STOP ! Avant d’aller plus loin, voici la vidéo réalisée par notre ami italien Fabio Bianchi à l’occasion des deux treks rapportés dans cet article ainsi que dans l’article précédent. Les plans alternent entre les Tian Shan et le Song Kul, nous vous laissons déduire lesquels sont lesquels ! Et nous le remercions chaleureusement au passage pour l’autorisation de publier cette magnifique vidéo 🙂

Les foins

Nous laissons derrière nous les pentes boisées et pluvieuses des Tian Shan pour entrer dans un paysage de steppe plus aride. Nous passons la nuit à Kyzart, un petit village éparpillé dans une large vallée et au milieu de laquelle une eau abondante permet de pratiquer l’agriculture. C’est la saison des foins, et chacun met de côté des quantités impressionnantes de fourrage. Le moindre arpent d’herbe desséchée est précieusement moissonné et assemblé en énormes tas, qui dépassent loin au-dessus des clôtures et des toits des maisons. De petits camions sillonnent les routes de campagne en transportant deux ou trois fois leur volume de paille. Il en faut, pour nourrir tout ce bétail pendant les longs et rigoureux mois d’hiver. Car l’élevage constitue aujourd’hui encore l’une des principales ressources économiques du pays et sa viande, réputée excellente, est exportée dans toute l’Asie centrale.

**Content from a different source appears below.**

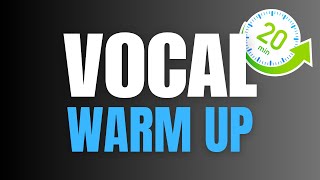 20 MINUTE Vocal Warm Up for Guys ADVANCED Exercises [upl. by Eduardo]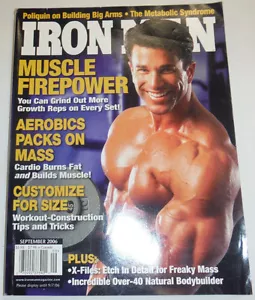 Iron Man Magazine Muscle Firepower & Aerobic Mass September 2006 112514R - Picture 1 of 1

Vue sur le village de Kyzart
La chevauchée des steppes

Au petit matin, notre guide nous attend avec trois chevaux sellés devant le portail d’entrée de la ferme où nous logeons. À peine le temps de faire connaissance que nous voilà catapultés sur les chevaux, sans autre forme d’introduction à l’équitation. Notre guide Tolkenbek est un jeune Kirghiz de 23 ans, il a étudié l’art à l’Université de Bichkek et il enseigne maintenant la peinture et le dessin dans l’école du village. Il passe la belle saison à accompagner des touristes au lac Song Kul et à parfaire sa culture internationale. Du haut de son cheval, il entonne tantôt « Au soleil, sous la pluie, à midi ou à minuit… », tantôt un chant traditionnel turc ou tadjik. Nous montons dans un paysage désertique, en tentant de diriger nos montures sur les sentes les moins raides. En traversant un petit marais, mon cheval s’embourbe jusqu’au poitrail. Je m’éjecte de la selle pour ne pas être écrasé, ne sachant quoi faire d’autre pour reprendre le contrôle de la situation. Puis il part en courant à travers la steppe et fonce sur un troupeau de yak, moi sur ses talons. C’est le métier qui rentre! Alors que la selle commence à mettre à mal nos derrières, nous arrivons au terme de notre première étape et rejoignons un camp de yourtes au fond d’une vallée entourée de collines sèches. Au milieu chante une rivière bordée de petits saules et de peupliers, à l’ombre desquels se reposent quelques veaux et chevaux. Dans chaque camp, une yourte fait office de salle à manger, c’est toujours là que finissent par se retrouver les voyageurs-ses. Nous y faisons la connaissance de Felix, Julia et Lennart, trois Allemand-e-s plein-e-s d’entrain qui étudient à l’Université de Freiburg-in-Brisgau et avec qui nous partageons la suite de ces aventures équestres. Quand nous mangeons, la porte de la yourte est une fenêtre ouverte sur la campagne, un tableau dans lequel défilent les nuages, les chevaux, les vaches et les poules surtout, qui quand elles se risquent à franchir le seuil, sont aussitôt chassées et s’enfuient dans un tourbillon de plumes et de caquètements.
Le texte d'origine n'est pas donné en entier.